15 gün önceden itibaren oradan işçiler diyor, bir koku vardı diyor. Siz madende koku olacak, çalıştırmaya devam edeceksiniz, böyle mantık olmaz. Burada mesul olanlar yöneticilerdir. Sorumsuzluk burada. Buna sorumluluk duygusuyla yaklaşmak mecburiyetindesiniz. İnsanlar tedbirleri almazlarsa cezayı görürler. Kim ihmal edip önlem almadıysa, gözardı ettiyse 41 kişinin esas katili odur.
Siz kaderi bu istikamette değerlendirirseniz yanlış. Söylediğimiz her şey söz. Yaratan Cenab-ı Hak. Kader hep yanlış kullanılıyor. Siz cumhurbaşkanı olduysanız, kaderinizde var olduğu için oldunuz. Onun için kader konusunu çok yanlış işliyorlar.

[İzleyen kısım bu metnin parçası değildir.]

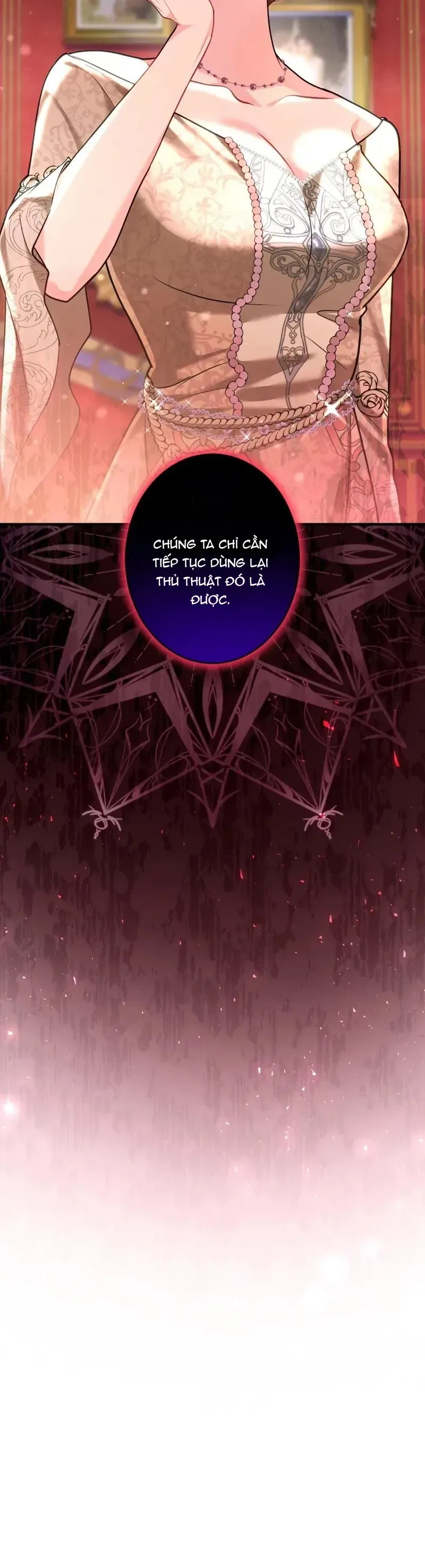 Ký Khế Ước 3 Năm Với Thần Chết Chapter 9 - Trang 17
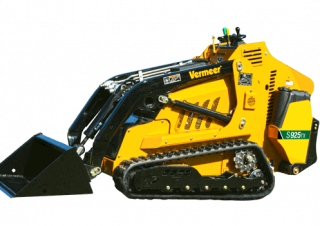 स्किड स्टीयर लोडर Vermeer S925TX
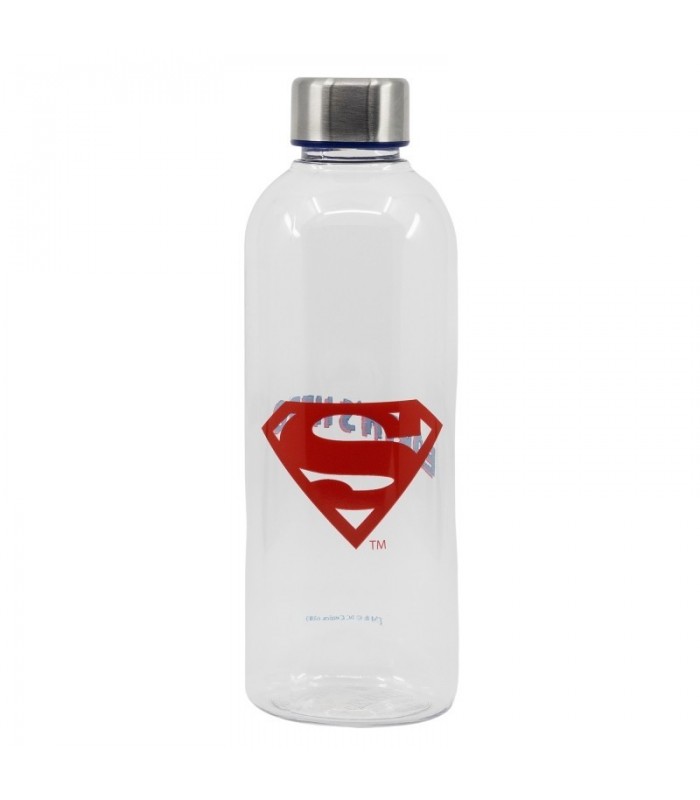 Botella Hidro 850 ML Superman Symbol | DC Comics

Sayın cumhurbaşkanın da bu noktada insanları tatmin, teskin için kaderi kullanması bana göre yanlış oldu.
Milletimiz şunu bilsin; problem olarak Türkiye gündemine gelip de üzerine çalışmadığımız hiçbir konu yok. Belki topluma anlatmakta şu anda aktif gözükmeyebiliriz. Tamamı hakkında raporlarımız var. Seçimin biraz erken olacağı kanaatindeyim. 14 Mayıs’ı bunlar sanki 1950’nin tekrarı mahiyetinde düşünürler diye zannediyorum.”